Q Thank you so much for sharing your insights. Ailsa, the Electoral Commission’s analysis across various years—I am looking at some from December 2015—concluded that voters’ confidence that elections are well run is consistently higher in Northern Ireland than in Great Britain. Can you say a word about what you know about that from your records? Could you also please explain to the Committee why it is that for many years the Electoral Commission has advocated the introduction of voter identification in Great Britain?
We do see high levels of public confidence, not only in Northern Ireland but across the whole the UK. We saw that borne out in the elections that took place in May in Great Britain—there were high levels of public confidence in and satisfaction with the processes of voting and registering to vote. It is important to bear in mind that we are starting from a high base of public confidence. Having said that, we know that concerns about electoral fraud are in the mind of the public. From our public opinion survey work, we have found that two thirds of electors said that they would be more confident in the process if they were required to show a form of photo ID at the polling station. So that is relevant and a consideration for some voters.

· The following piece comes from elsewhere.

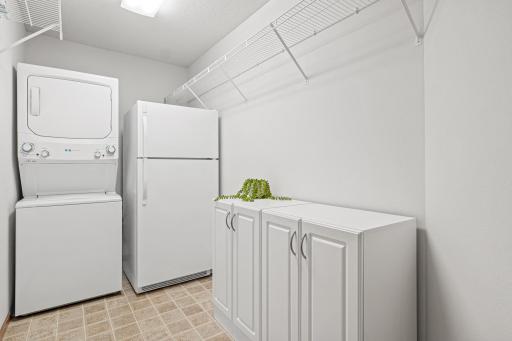 15570 Linnet Street NW, 2-102, Andover, MN 55304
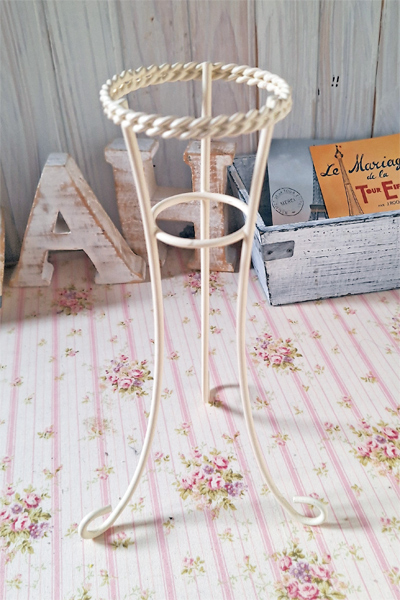 プリザーブドフラワーブーケ　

Essentially, we recognise that, in the polling station process, no safeguards are in place to check anybody’s identity before they are issued with a ballot paper. That stands out quite strongly from other parts of the process. If you are applying to register to vote, your identity is verified beforehand, and if you are casting a postal vote, your identity is verified through that process. It does mean that there is a vulnerability in the polling station process with no check on the identity of voters—as has been found.
Q Thank you very much.
Peter, thank you very much for joining us. On a different topic, may I pick your brains on supporting voters with disabilities at the polling station? We have a measure in the Bill that will widen the existing law, which includes a highly specific requirement for support for voters who are blind or partially sighted, into support for any disability. What are your thoughts on that, and how would you expect your members to respond to it?
We welcome less prescription. One of the biggest challenges presented in polling stations at the moment is the prescription brought in by the tactile voting device. It works in itself, and there is nothing wrong with it, but it is the one thing available to work with under the legislative framework. The widening of the ability to use alternative methods has to be welcomed, as long as there are base standards that the returning officer is expected to follow. That is not to remove the TVD from polling stations, but to add in additional potential mechanisms that will be of assistance to individual voters.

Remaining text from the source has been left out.